- **Task to carry out**: Please produce an exact copy of only the lines from the one with "DJT - Sztuczna" through the last one of the material, without pictures.

————————

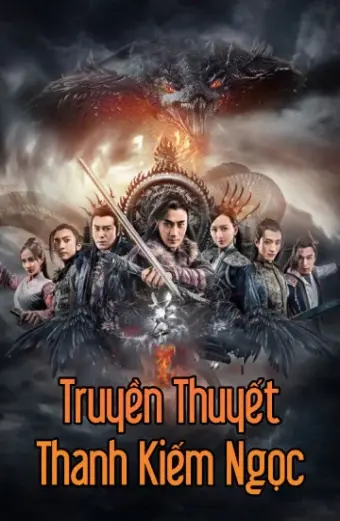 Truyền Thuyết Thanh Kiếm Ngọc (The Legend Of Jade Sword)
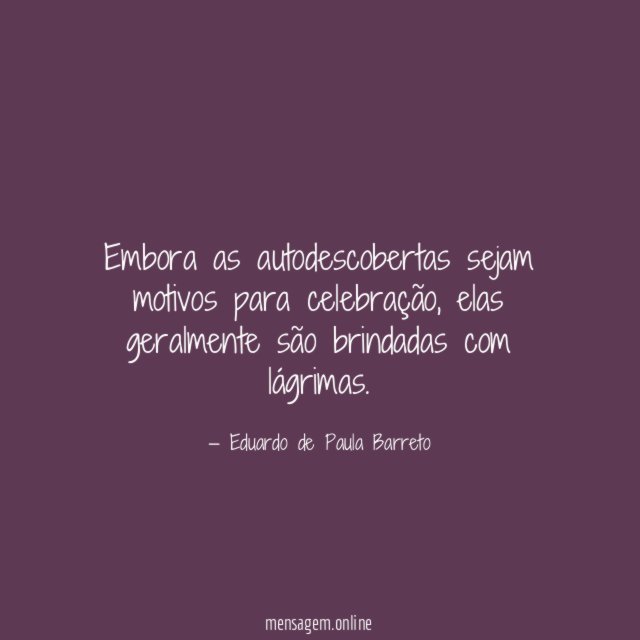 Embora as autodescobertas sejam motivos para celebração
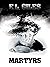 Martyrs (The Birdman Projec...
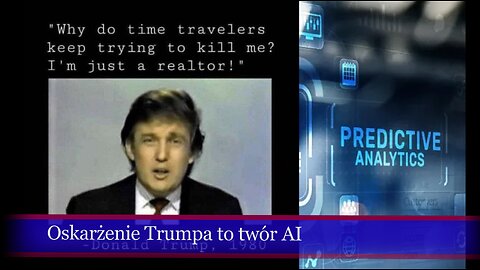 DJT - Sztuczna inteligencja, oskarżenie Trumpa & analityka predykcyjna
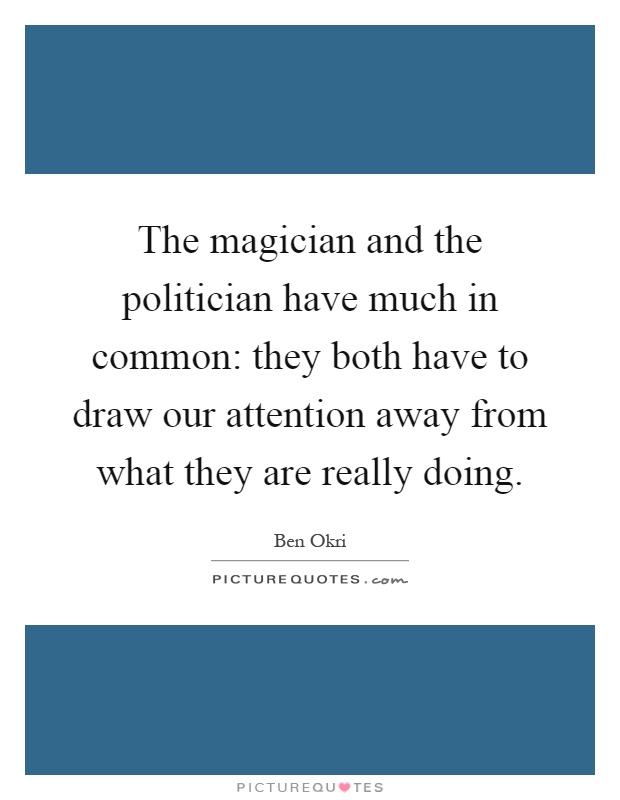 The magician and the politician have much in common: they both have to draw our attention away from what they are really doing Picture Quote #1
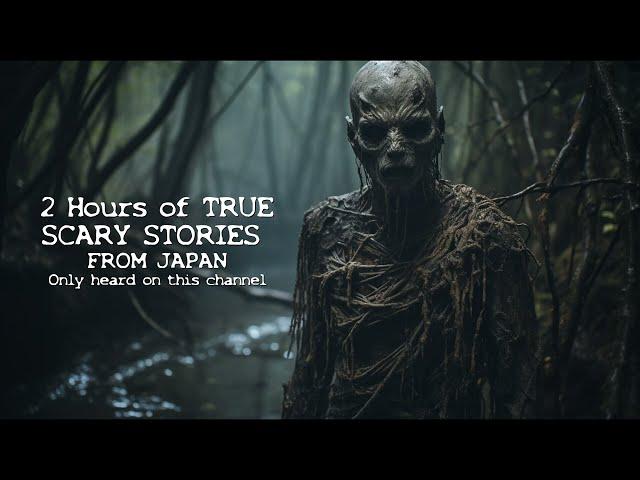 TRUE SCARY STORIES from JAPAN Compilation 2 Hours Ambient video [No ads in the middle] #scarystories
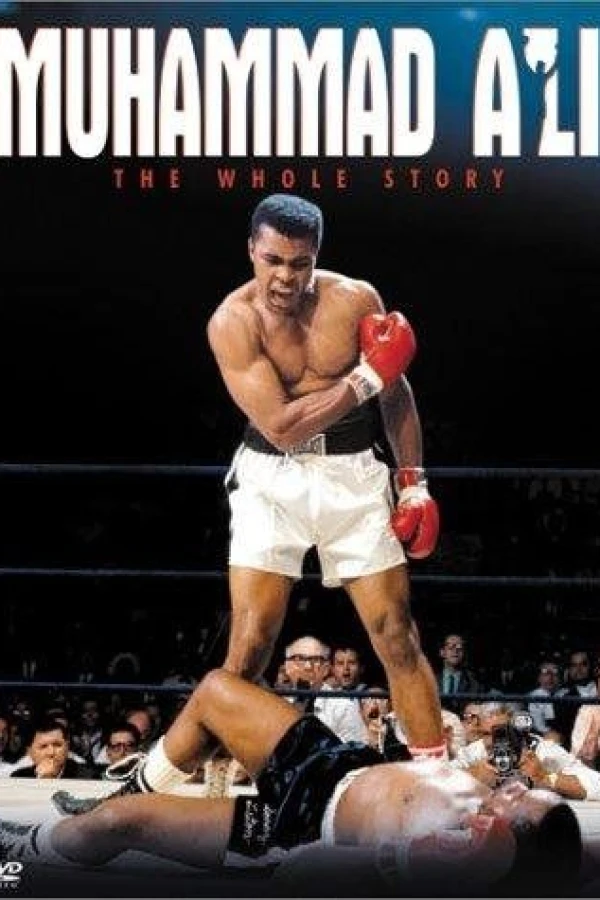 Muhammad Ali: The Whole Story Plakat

————————

- **Exercise result**:
 DJT - Sztuczna inteligencja, oskarżenie Trumpa & analityka predykcyjna
 The magician and the politician have much in common: they both have to draw our attention away from what they are really doing Picture Quote #1
 TRUE SCARY STORIES from JAPAN Compilation 2 Hours Ambient video [No ads in the middle] #scarystories
 Muhammad Ali: The Whole Story Plakat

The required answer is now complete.